Ich bin mir sicher, dass wirklich Jeder, der sich einmal wirklich darüber Gedanken macht, etwas findet, von dem man genau weiß, dass es besser wäre, darauf zu verzichten. Häufig sind es lieb gewonnene (aber nicht förderliche) Gewohnheiten oder natürlich auch der ganze Bereich der verbreiteten Sucht-Themen, wie Alkohol, Nikotin, andere Substanzen, Zucker und sonstige ungesunde Nahrung, Porno, Soziale Medien … man könnte diese Liste noch beliebig weiterführen.

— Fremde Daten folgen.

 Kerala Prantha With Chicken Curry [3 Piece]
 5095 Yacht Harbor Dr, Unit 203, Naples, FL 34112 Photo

Letztendlich funktioniert ein großer Teil unseres Konsums auf Basis der Nutzung unserer natürlichen „Abhängigkeit“ vom Neuromodulator Dopamin. Dopamin ist für uns notwendig, damit wir aktiv werden, etwas zu tun und Motivation entwickeln. Wenn jedoch die Verführungen des Alltags jederzeit in Reichweite sind und unsere begrenzte Willensstärke verbraucht ist, werden wir leichtes Opfer der Versuchung. Jede sofortige Befriedigung unserer Impulse führt zu einem kleinen Dopamin-Kick. Das Problem dabei ist, dass dieser Effekt schnell nachlässt und wir dann mehr und mehr wollen. Ein Teufelskreis also, aus dem es schwierig ist, zu entkommen.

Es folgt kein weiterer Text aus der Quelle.